- **DATASET CONTENT**:
▬▬▬▬▬▬
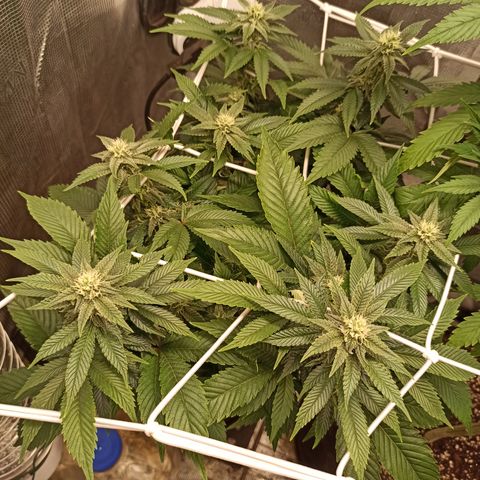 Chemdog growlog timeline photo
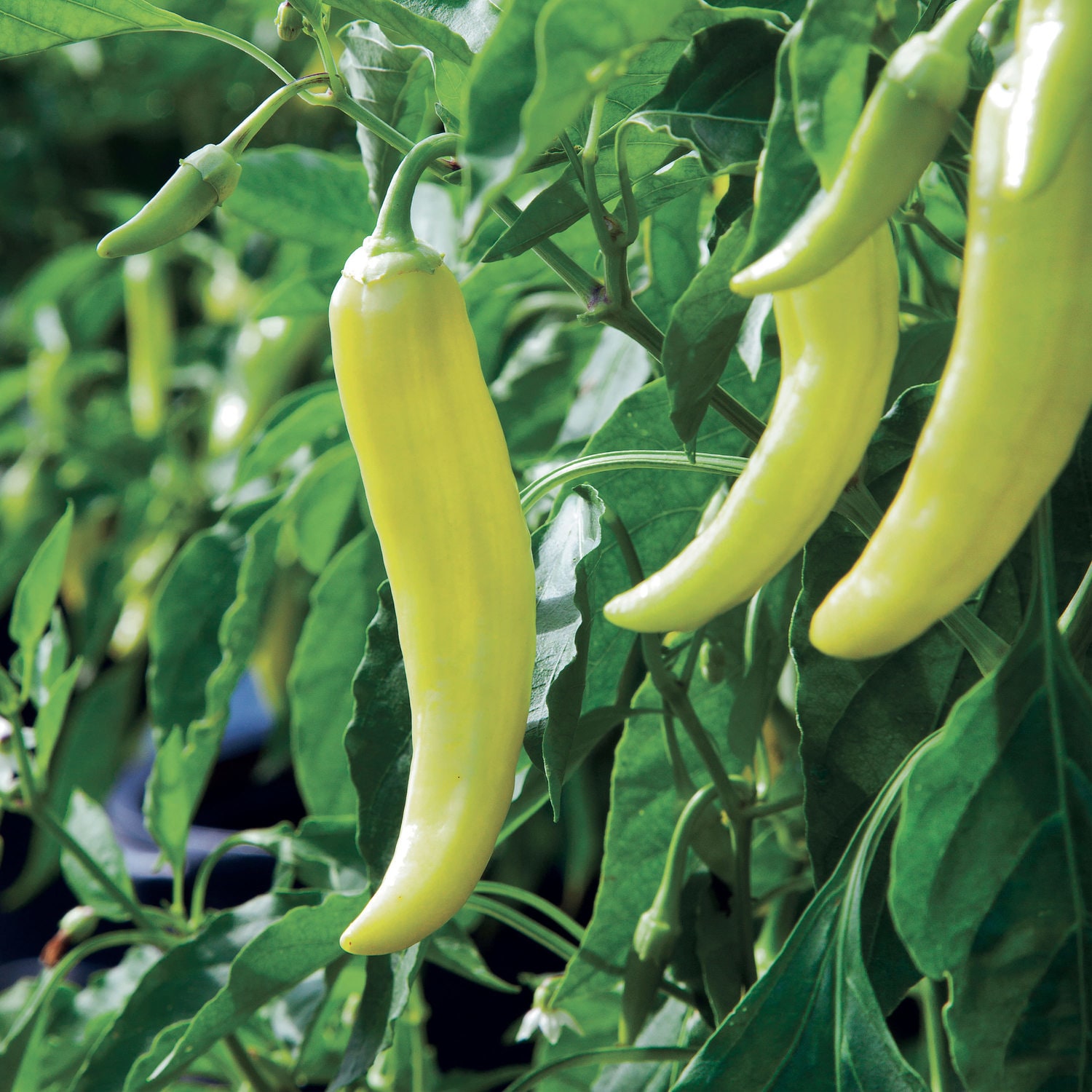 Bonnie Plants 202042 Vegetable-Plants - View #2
▬▬▬▬▬▬
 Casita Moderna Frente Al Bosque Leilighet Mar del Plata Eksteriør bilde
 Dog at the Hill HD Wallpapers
▬▬▬▬▬▬
- **AIM OF THE EXERCISE**: Please copy the lines above from the line with "Casita Moderna Frente" up to and including the line with "Dog at the Hill HD Wallpapers", exactly as written and with nothing else.

- **RESPONSE TO THE TASK**:
 Casita Moderna Frente Al Bosque Leilighet Mar del Plata Eksteriør bilde
 Dog at the Hill HD Wallpapers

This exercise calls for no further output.